- [Aim of the exercise]:
Select all lines holding the word "Women" from the entries that follow.

- [Records supplied]:

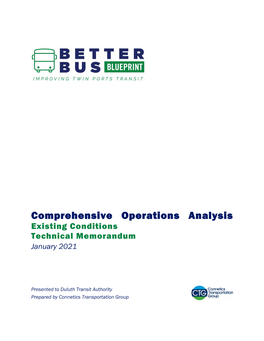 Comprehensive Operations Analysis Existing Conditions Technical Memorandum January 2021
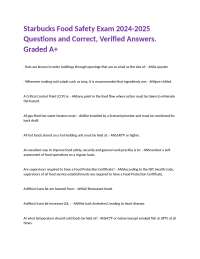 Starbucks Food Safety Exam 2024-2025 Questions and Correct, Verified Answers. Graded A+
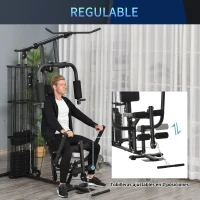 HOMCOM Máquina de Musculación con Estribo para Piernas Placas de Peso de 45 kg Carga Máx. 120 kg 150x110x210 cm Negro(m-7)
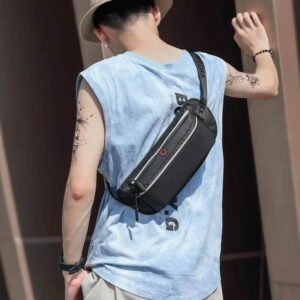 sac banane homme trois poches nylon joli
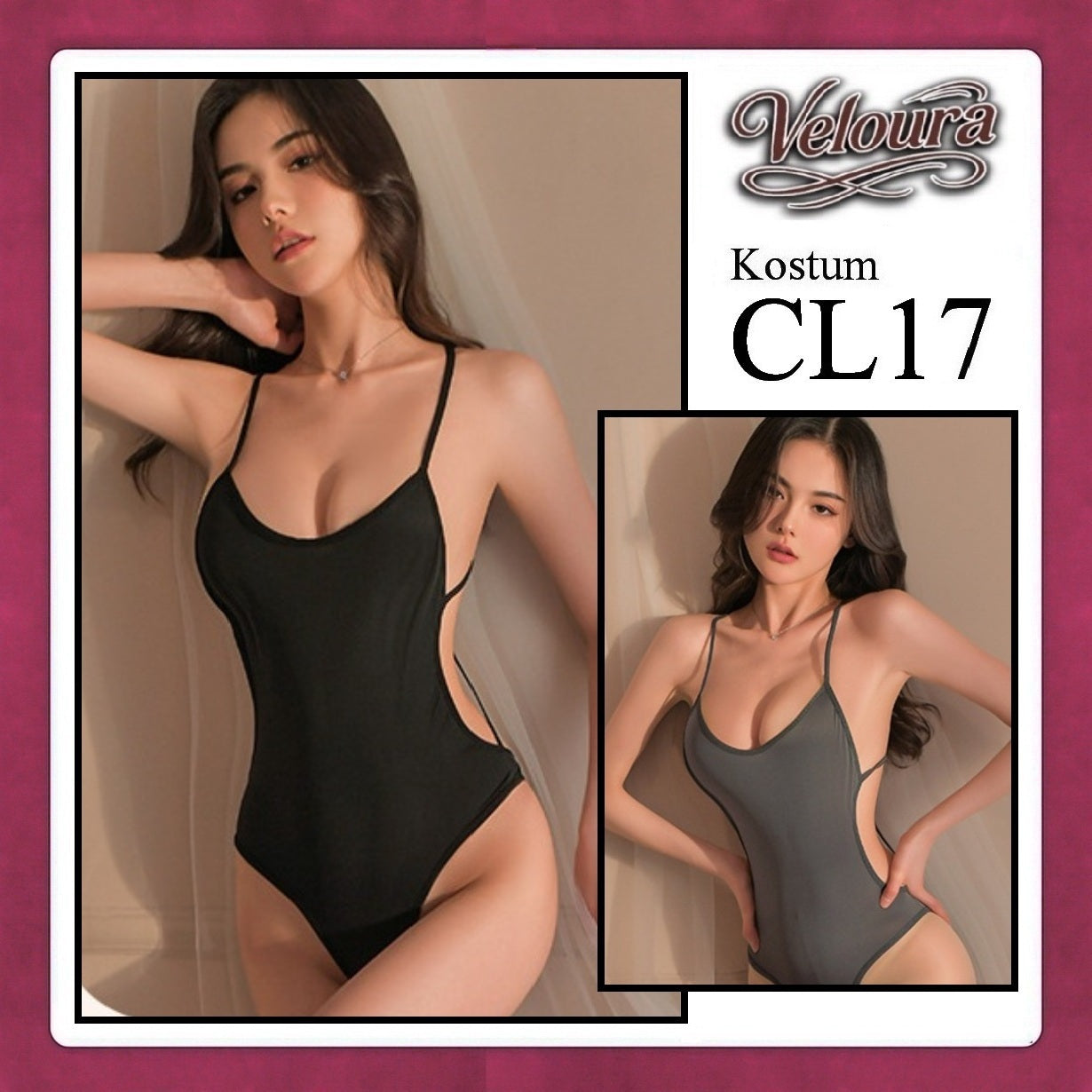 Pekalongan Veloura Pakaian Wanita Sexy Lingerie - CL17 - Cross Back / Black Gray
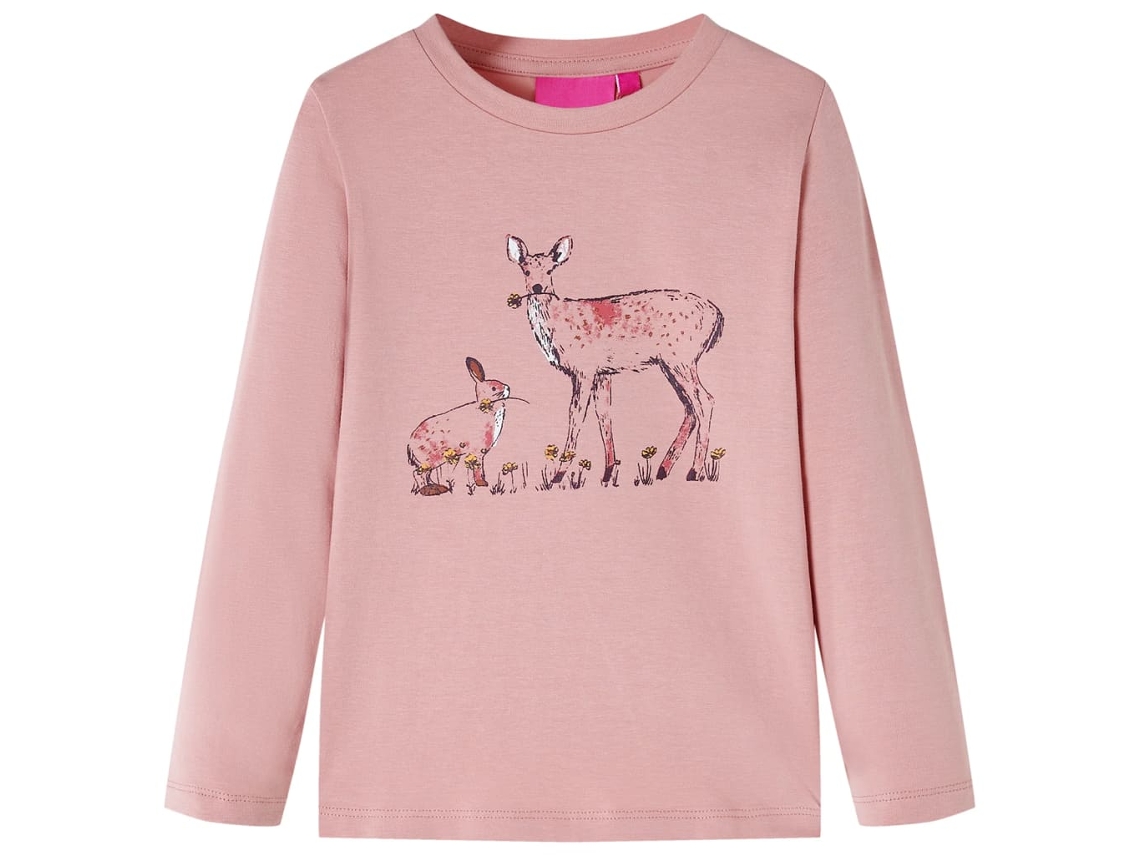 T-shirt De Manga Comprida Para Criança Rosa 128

* * *

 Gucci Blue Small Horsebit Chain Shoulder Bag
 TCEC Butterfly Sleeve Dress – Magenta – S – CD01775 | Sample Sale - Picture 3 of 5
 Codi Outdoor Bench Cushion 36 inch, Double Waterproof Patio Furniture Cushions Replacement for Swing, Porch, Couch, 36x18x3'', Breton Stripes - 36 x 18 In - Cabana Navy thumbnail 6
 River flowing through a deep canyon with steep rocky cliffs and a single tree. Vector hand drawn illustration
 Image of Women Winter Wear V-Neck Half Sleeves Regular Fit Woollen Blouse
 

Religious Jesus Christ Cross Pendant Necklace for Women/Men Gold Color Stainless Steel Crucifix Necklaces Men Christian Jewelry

==

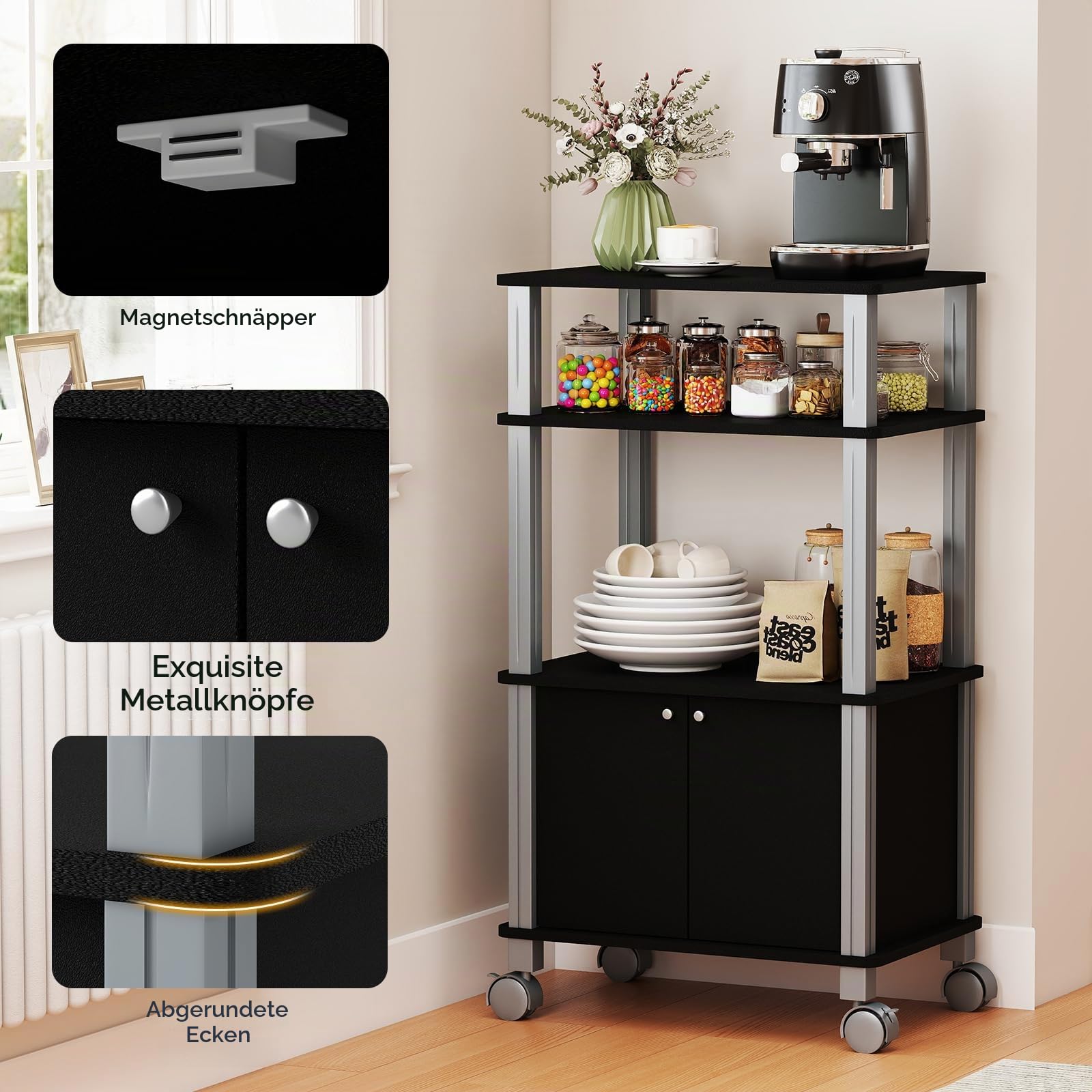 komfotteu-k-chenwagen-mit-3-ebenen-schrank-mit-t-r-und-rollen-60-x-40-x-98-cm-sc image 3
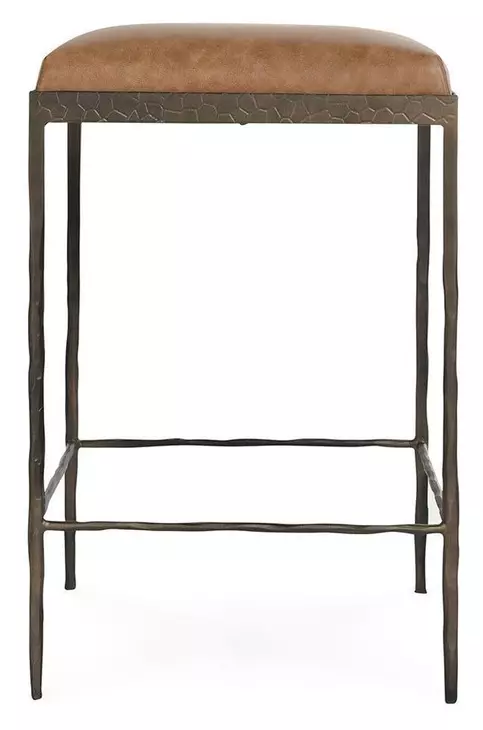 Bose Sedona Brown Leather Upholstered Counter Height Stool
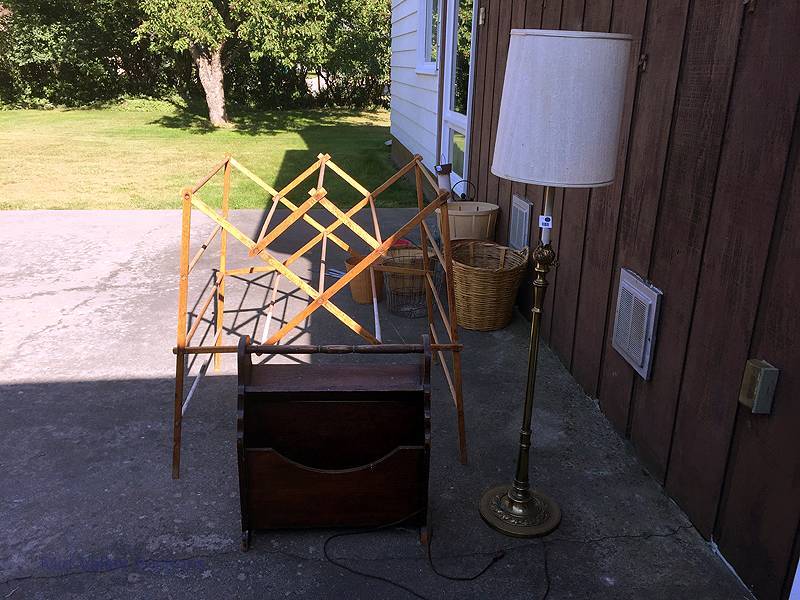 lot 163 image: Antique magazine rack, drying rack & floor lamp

- [Completed task]:
 Image of Women Winter Wear V-Neck Half Sleeves Regular Fit Woollen Blouse
Religious Jesus Christ Cross Pendant Necklace for Women/Men Gold Color Stainless Steel Crucifix Necklaces Men Christian Jewelry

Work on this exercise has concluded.